● **TASK INSTRUCTIONS**:
Below is a listing with pictures in it. Copy it exactly without them.

● **DATA BLOCK**:
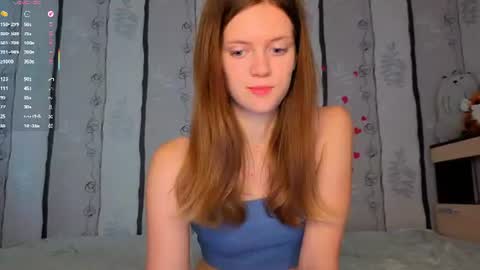 Lucy online show from July 14, 2026, 8:52 am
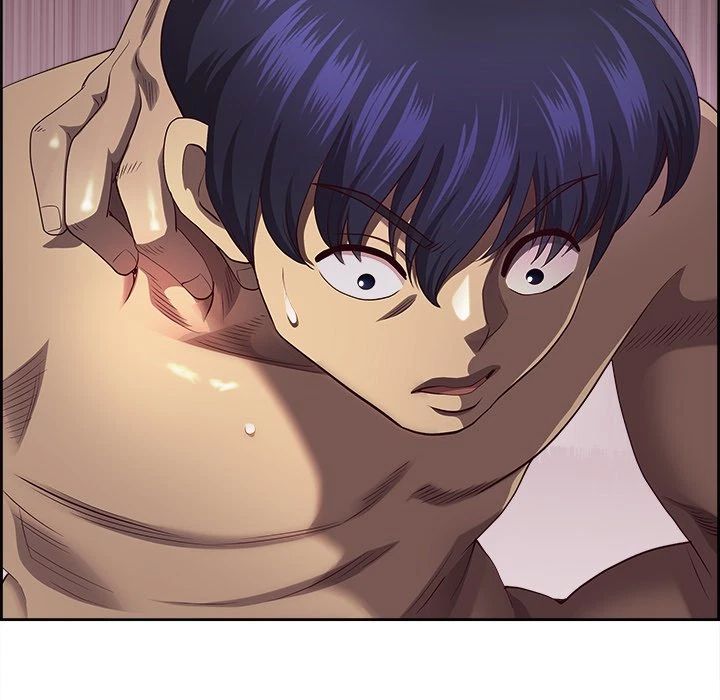 Chapter 19, page 160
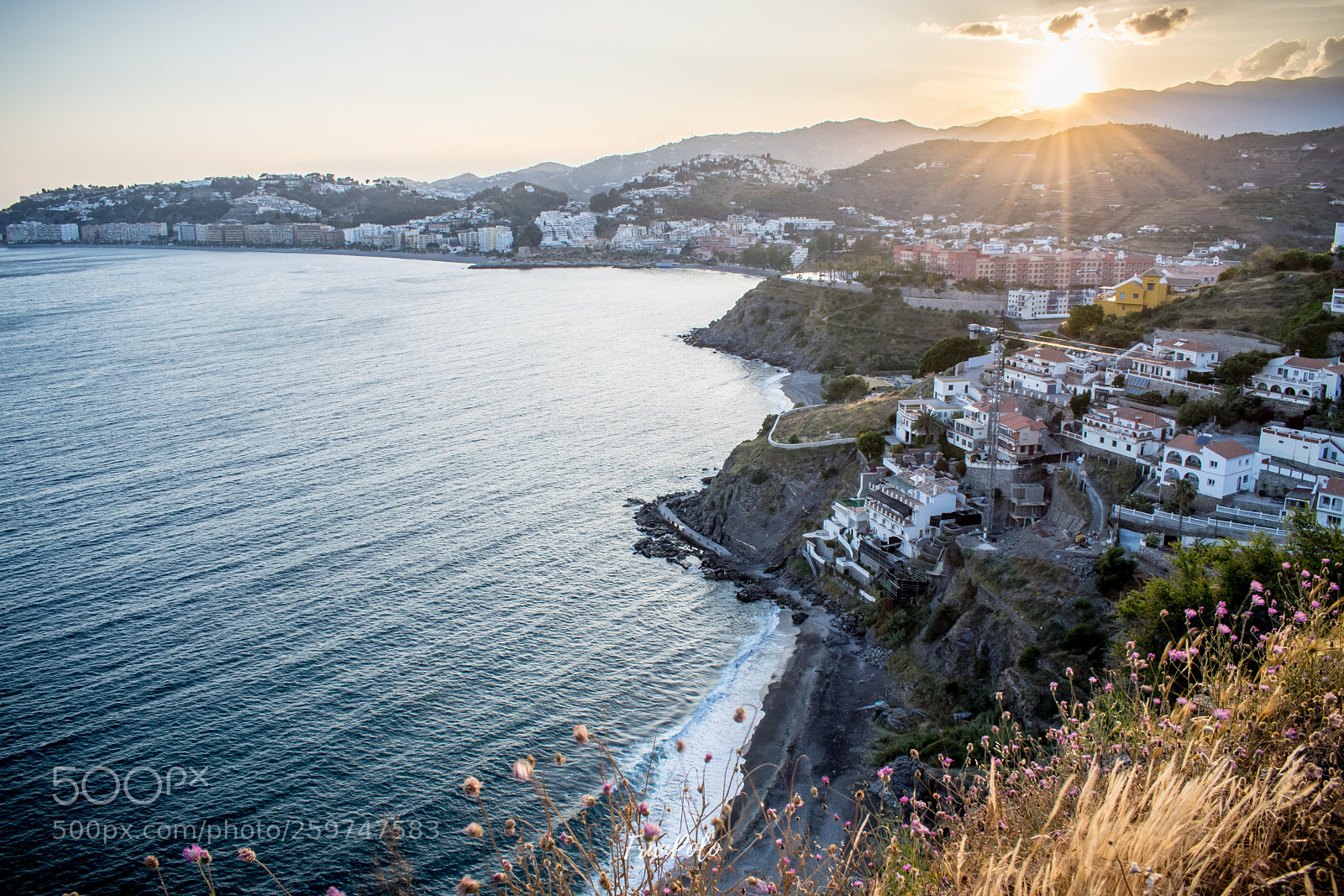 Nikon D5300 sample photo. Hdr photography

● **RESPONSE TO THE EXERCISE**:
 Lucy online show from July 14, 2026, 8:52 am
 Chapter 19, page 160
 Nikon D5300 sample photo. Hdr photography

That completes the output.